The problem with the music


There are lots of people who frequent this site that have spent significant amounts of money to buy the gear that they use to reproduce their music. I would never suggest that you should not have done that, but I wonder if the music industry is not working against you, or at least, not with you.

For the most part studios are using expensive gear to record with, but is it really all that good? Do the people doing the recording have good systems that can reproduce soundstage, detail and all the other things that audiophiles desire, or do they even care about playback?

I know there are labels that are sympathetic to our obsessions, but does Sony/Columbia, Mercury, or RCA etc. give a rats #$%&@ about what we want?
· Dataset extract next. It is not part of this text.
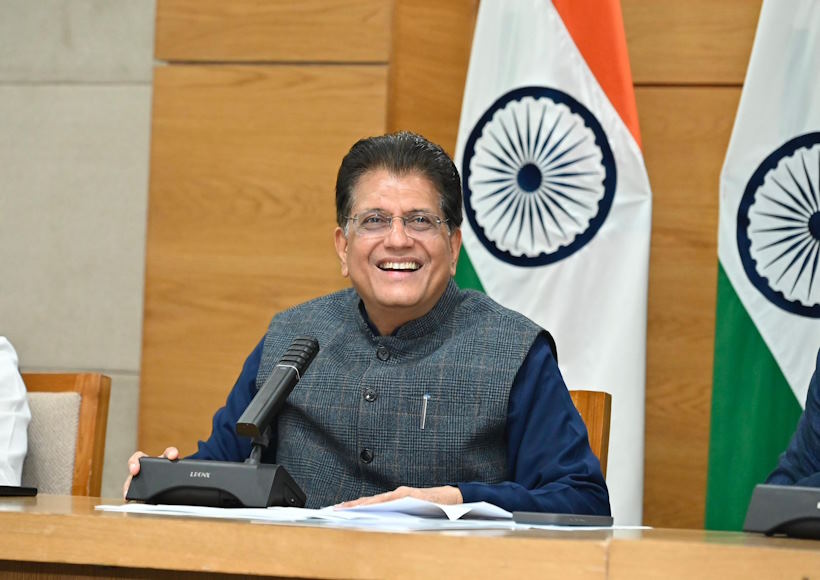 केंद्रीय वाणिज्य एवं उद्योग मंत्री पीयूष गोयल (तस्वीर क्रेडिट@PiyushGoyal)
Recordings (digital) have gotten a lot better since the garbage released in the mid 80's. Some of them are even listenable! BUT lots of people are spending lots of money to get great music when the studios don't seem that interested in doing good recordings. Mike Large, director of operations for Real Worl Studios said "The aim of the music is to connect with you on an emotional level; and I'd be prepared to bet that the system you have at home does that better than any of the systems we make records on."
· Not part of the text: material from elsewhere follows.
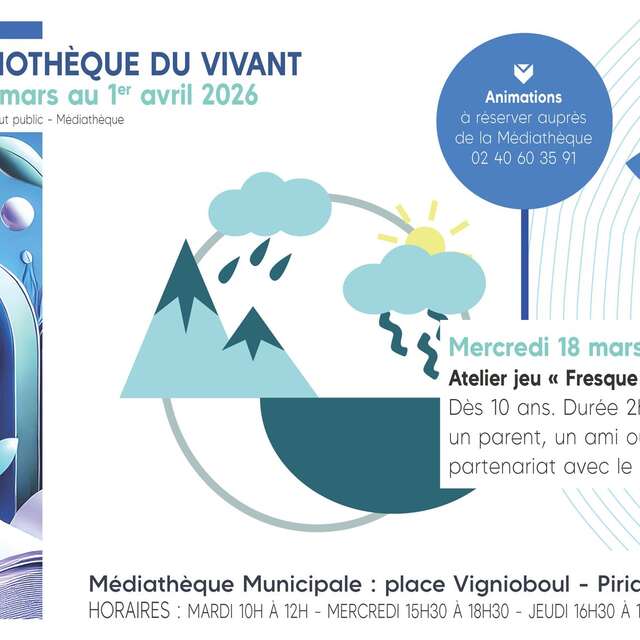 Atelier "Fresque de l'eau junior" - Bibliothèque du vivant - De la graine à l’édition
Do recording engineers even care about relating the emotion of the music, or are they just concerned about the mechanics?

What do you think, and can/ should anything be done about it?
nrchy

Showing 2 responses by onhwy61

Ben Campbell's comments about the latest U2 release is an excellent example of what I meant when I said audiophile may not agree with the artistic choices made during the recording process. Believe it or not, it takes real skill to make that recording sound as loud and as big sounding as it is.
Just because you don't like Cinematic Systems style, don't make the mistake of dismissing his message. Based upon the astonishing number of posts where people are looking to warm up the sound of their systems with, take you pick - tubes, interconnects, power cords, cables, tweaks, etc., I'd say it is fairly common for audiophiles to assemble systems that make significant portions of their music collection sound bad.

I agree with Nrchy that the music industry isn't concerned with audiophile values, but I disagree that it's the fault of the recording engineers. As audiophiles we may not like some of the artistic decisions made in the recording process, but from a technical point of view most major label recordings are well made. As an analogy consider any of the latest big budget Hollywood movies. They may be piss poor films, but the production values (lighting, sound, costumes, sfx, cinematography, set design, etc.) are all first rate. Every recording engineer I've ever met strives for good sound quality. To achieve that within budget and time constraints while dealing with a group of insecure temperamental artists is not little feat.